La première remarque est la question du champ d’application de la levée de l’obligation vaccinale. Cette note ne semble pas concerner les personnes assimilées qui sont concernées par l’obligation vaccinale. Elle s’adresse uniquement aux établissements de santé et établissements sociaux et médico-sociaux.
La deuxième remarque est que cette instruction ne donne aucune date précise sur la possible réintégration des soignants. Elle indique seulement qu’elle devrait intervenir rapidement.
La troisième remarque est que la note de service exclue expressément toute indemnisation. Pis encore, elle indique que la période de suspension n’est pas un temps de travail effectif. Cette suspension retarde donc le départ à la retraite, l’acquisition des droits à congés payés ou l’avancement dans le grade et dans l’échelon.
Ainsi pour une retraite à taux plein pour les soignants suspendus ce sera 66 ans.
IV- Comment procéder à la réintégration des soignants suspendus ?
La réintégration des soignants suspendus ne sera pas simple. Cette même instruction donne le mode d’emploi pour la reprise de poste des soignants suspendus.
Tout d’abord, les employeurs sont invités à reprendre contact avec leurs agents et organiser un entretien préalable. Il s’agit de fixer avec l’agent les conditions de la reprise.
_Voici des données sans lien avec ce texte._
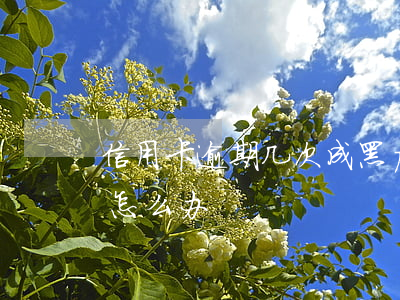 信用卡逾期几次成黑户 因为年卡逾期成黑户怎么办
L’entretien n’est toutefois pas obligatoire.
En effet, l’employeur peut directement adresser un courrier en indiquant à l’agent son affectation et la date de sa reprise.
Ainsi, l’agent ou le salarié a droit de reprendre son poste mais ce n’est pas une obligation. On peut lui proposer un poste équivalent.
Egalement, un changement d’affectation peut être organisé. Le changement n’est pas contestable s’il est justifié par l’intérêt du service.
De plus, si la personne refuse le poste proposé, c’est la procédure de droit commun concernant l’abandon de poste qui s’applique. Ainsi, si l’agent se présente mais ne fourni aucun justificatif de son absence il peut être sanctionné.
Enfin, l’instruction rappelle également que la rupture conventionnelle reste possible.
V- Le contenu du texte de loi procédant à la réintégration des soignants suspendus :
La réintégration des soignants suspendus est bienvenue. Cependant elle arrive un peu tard.
Le 4 mai 2023, l’Assemblée nationale a adopté sans modification, en première lecture, la proposition de loi par 157 voix pour, 137 contre et 2 absentions.
La proposition de loi abroge l’obligation faite aux personnels soignants, y compris les étudiants, ou en contact avec des personnes vulnérables (agents administratifs, aides à domicile, sapeurs-pompiers, ambulanciers…) de se vacciner contre le Covid-19. Elle permet, de plus, aux agents publics non-vaccinés qui seront réintégrés de conserver les droits à l’avancement qu’ils détenaient avant leur suspension.
Cette loi n’accorde aucune indemnisation. Cependant, et c’est la bonne nouvelle, elle ne l’exclue pas non plus (voir article sur indemnisation du fait d’une loi).